In order to evaluate the predictions you could use the `evaluate` command by running:

$ python3 dere evaluate --predicted tutorial/data/predict --gold tutorial/data/test --task-spec task-specs/bionlpst.xml --corpus-format BRAT

You can check the general usage for `evaluate` by running:

$ python3 dere evaluate --help

If you want to model your own task, you first need to specify your new task by writing it as an XML task sepcification. You can do that by following some examples of existing task specification files. These can be found in `task-specs/` in the DeRe repository.

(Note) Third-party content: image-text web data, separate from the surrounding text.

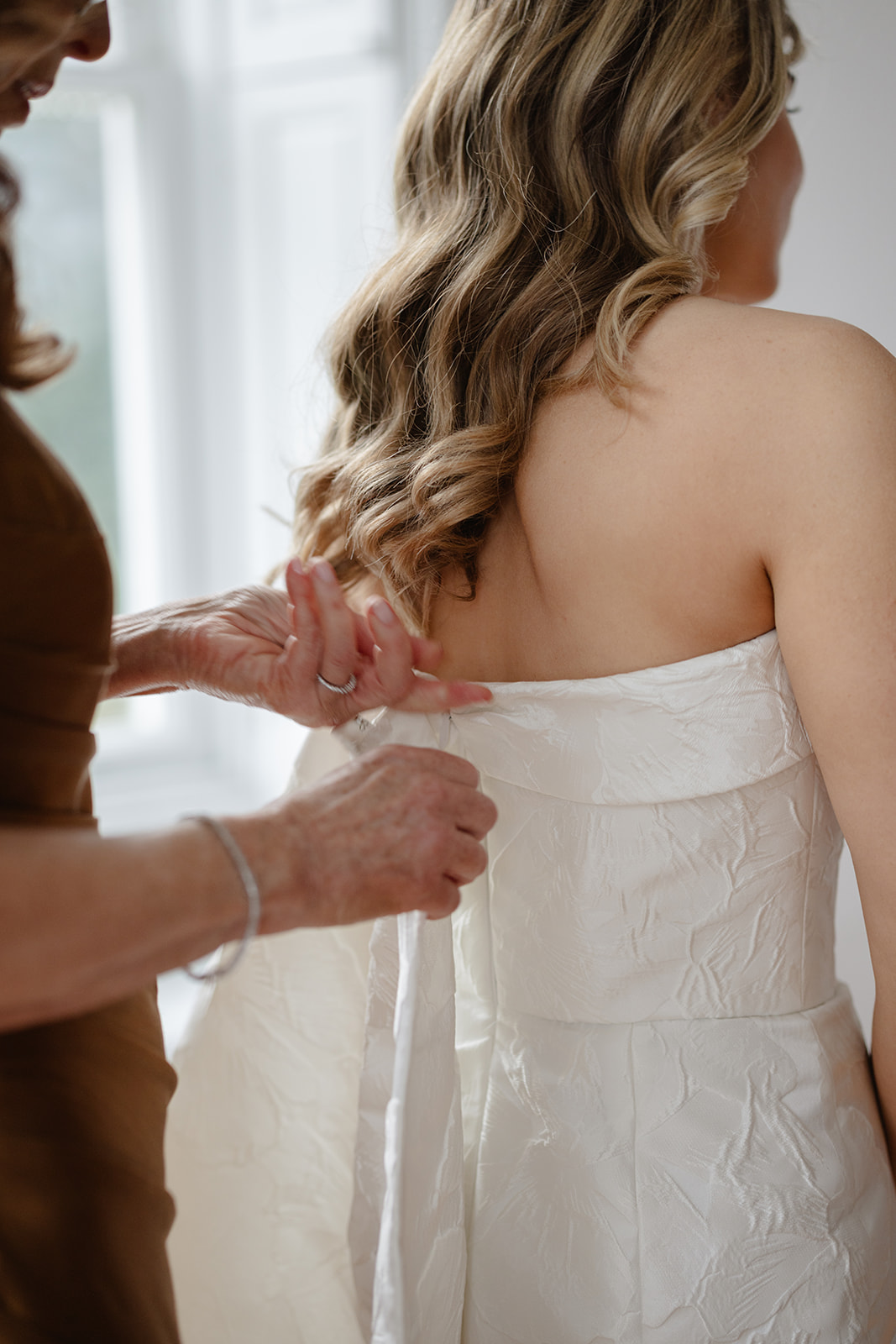 Mom Zipping Bride into Dress for Brooklyn Wedding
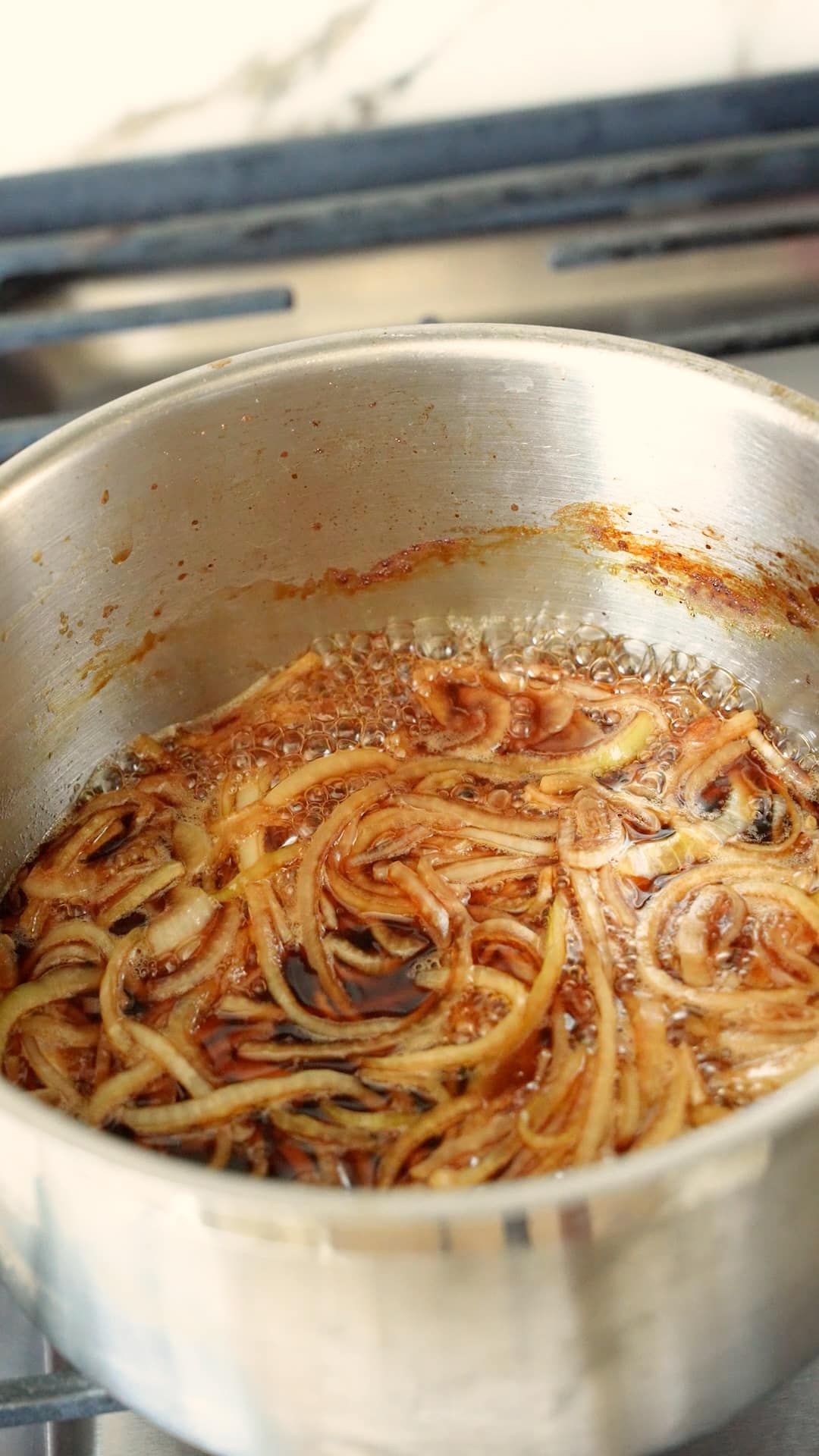 Onions simmering in gyudon sauce.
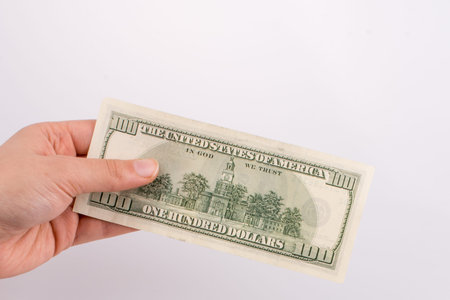 Hands holding American dollar banknotes and Turksh Lira banknotes side by side on white background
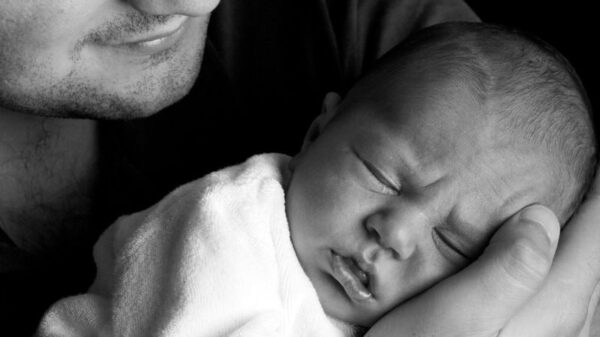 A touching black and white portrait of a father holding his sleeping newborn baby.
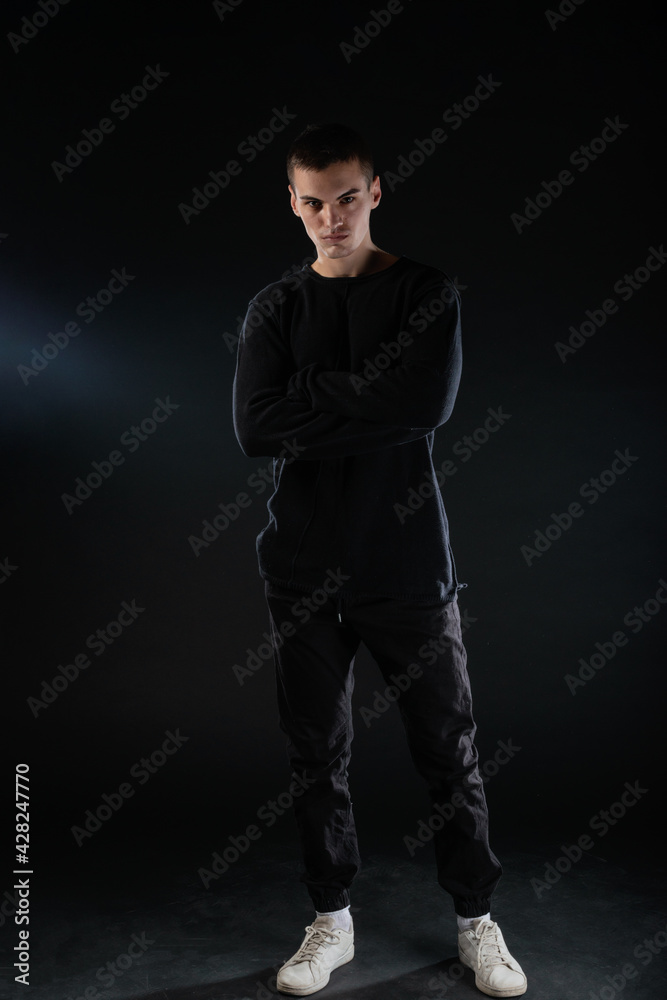 Full-length picture of an attractive sexy young male model posing isolated on a black background and wearing black blouse and black pants.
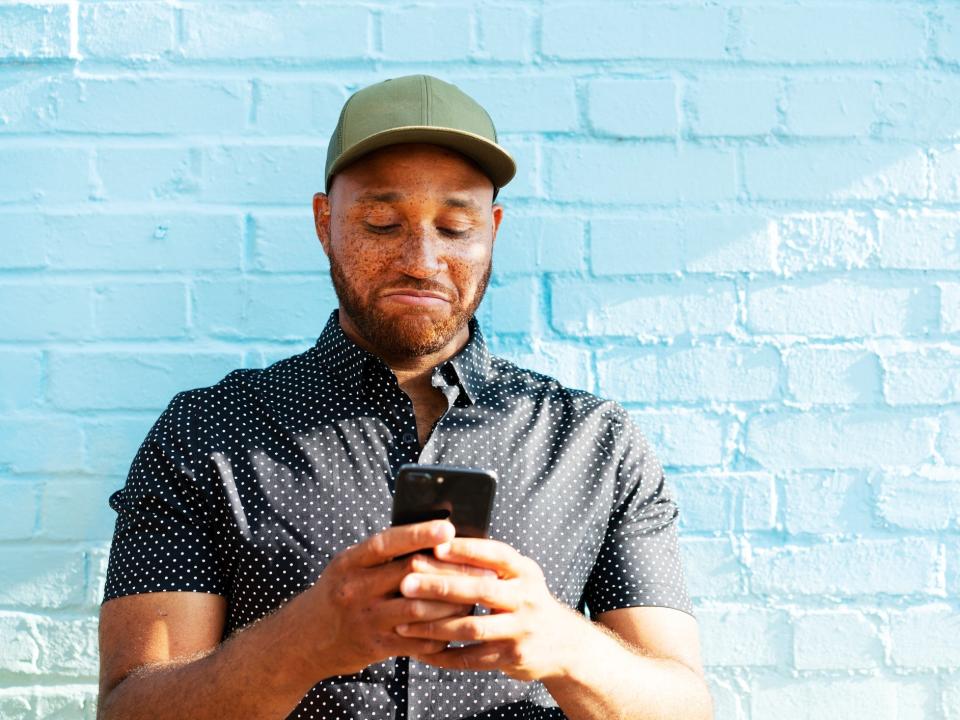 man using smart phone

Then you will have to save this file as `task-specs/your_awesome_spec.xml`.

The other `dere` commands for work as exemplified already above on the BioNLP task!

### Model Developer

In order to implement a novel model and use it with-in `dere` do the following:

- write a class that subclasses `dere.models.Model`, e.g.:

```python
#!/usr/bin/env python

from dere.models import Model

class TutorialModel(Model):

def train(self, corpus, dev_corpus=None):
pass

def predict(self, corpus):
pass
```

Save this file as a python script, for example as `tutorial_model.py` and
let it be located at `dere/models`.

- the new Model has to have implemented at least two methods: `train`, `predict`, so implement them
- `train` gets a `Corpus` as the first argument and optionally another `Corpus`
as second argument (a development corpus)
- `predict` gets a single `Corpus`
- both `train` and `predict` do not return anything: `predict` modifies the
given corpus to add annotations, while `train` trains the model's classifier.

To work with your new model within `dere` you can use the already-introduced interface and specify your model class during the `build` step as a "dotted name" e.g. `tutorial_model.TutorialModel` (so filename of the module, without the `.py` extension + "." + name of the implemented class).

Again, to `build` the new model use:

$ python3 dere build tutorial_model.TutorialModel --task-spec task-specs/bionlpst.xml --outfile tutorial/model/tutorial.pkl

The rest of the commands work as introduced for [User](#user) and [Application Developer](#application-developer).